## Your goal
Each line from the one that holds "HONDA CRX 1984" to the end of the records is to be retyped exactly. Pictures are not part of the copy.

Data excerpts
########################################
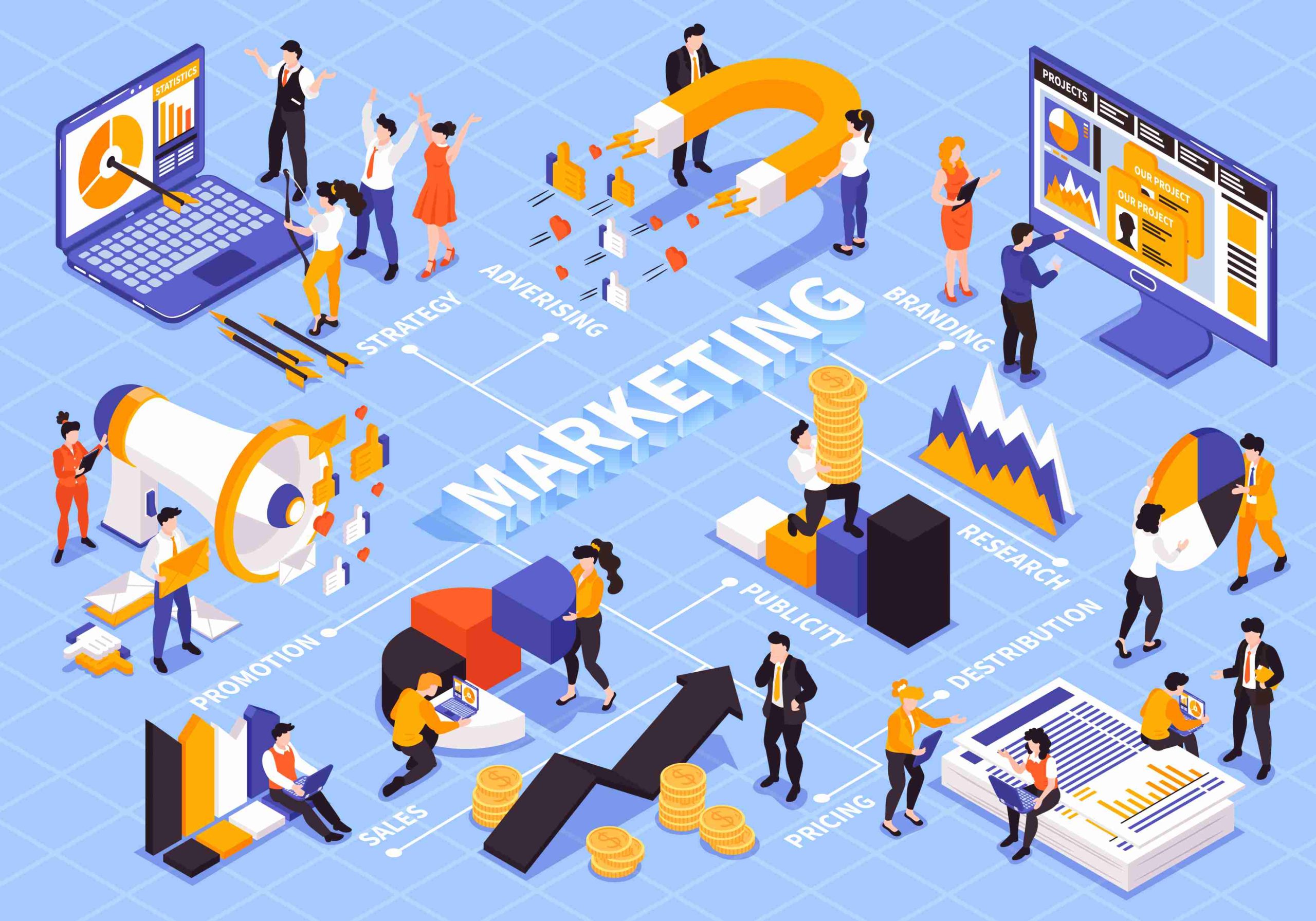 trm-marketing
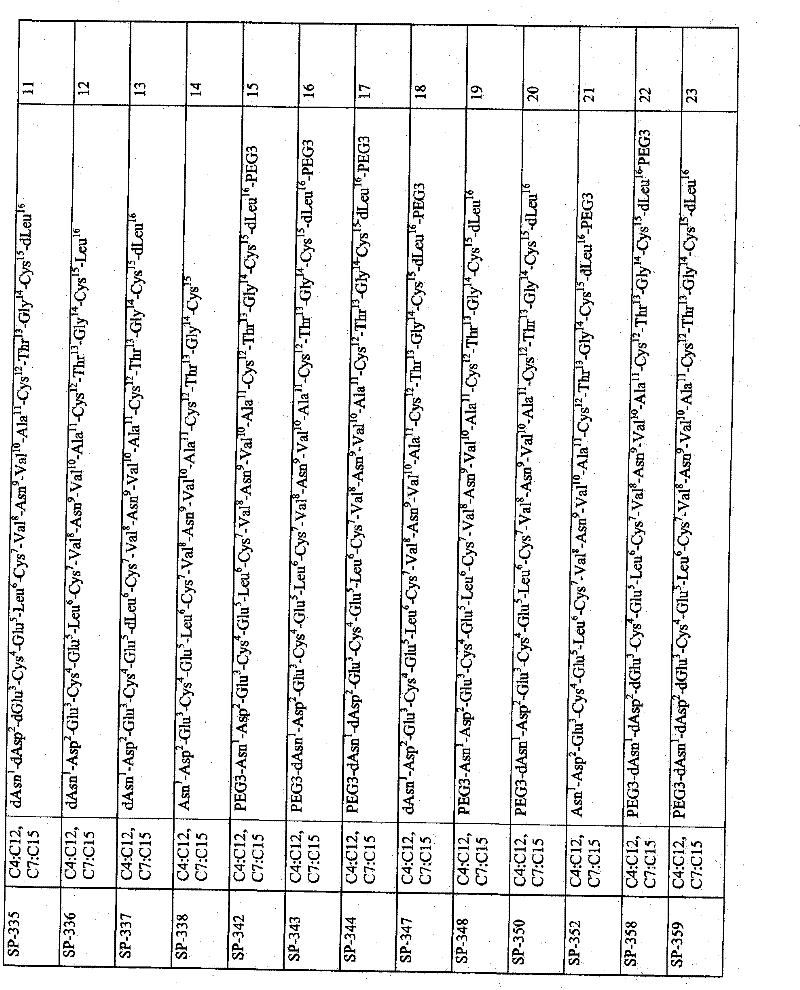 CN101772513A - 有效用于胃肠功能紊乱、炎症、癌症和其他疾病治疗的鸟苷酸环化酶激动剂- Google Patents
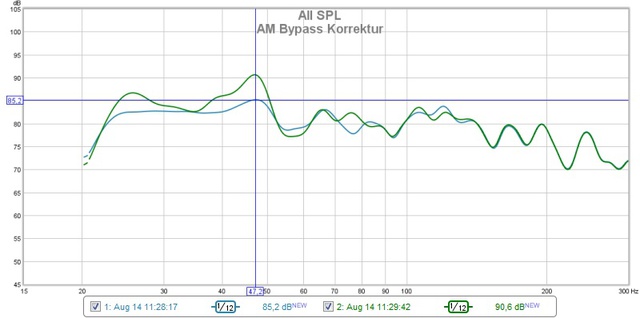 AM Bypass Korrektur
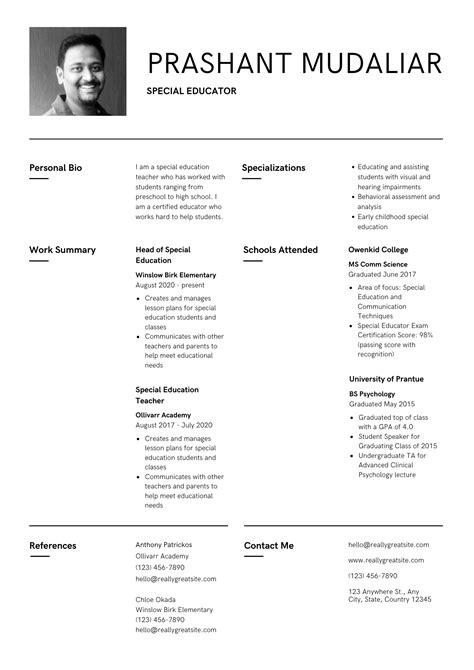 Resume Template Makeover @ Rs.999*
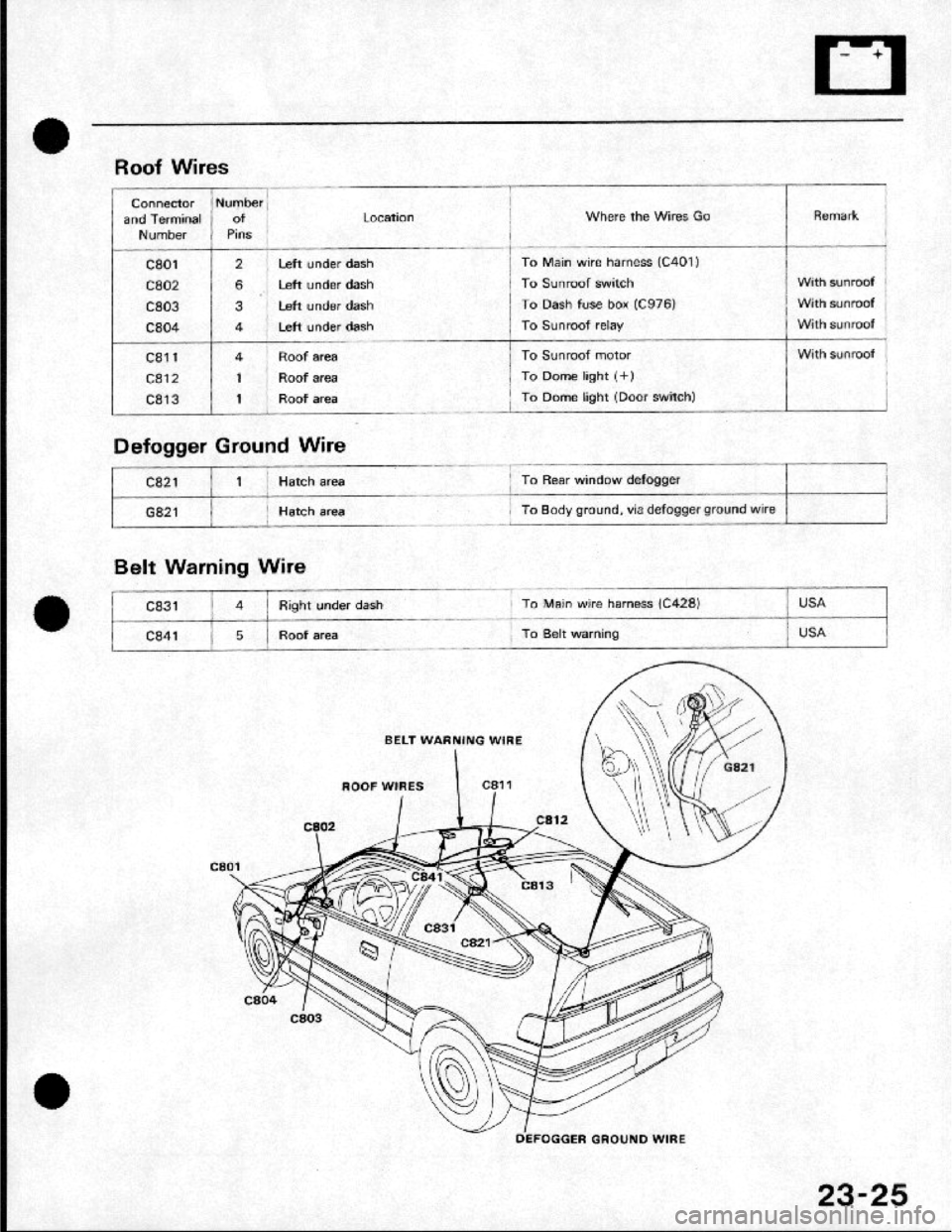 HONDA CRX 1984  Service Repair Manual 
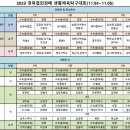 2023 경북탁구협회장배 생활체육탁구대회 입상자 명단 공지 이미지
########################################
## Exercise response
 HONDA CRX 1984  Service Repair Manual 
 2023 경북탁구협회장배 생활체육탁구대회 입상자 명단 공지 이미지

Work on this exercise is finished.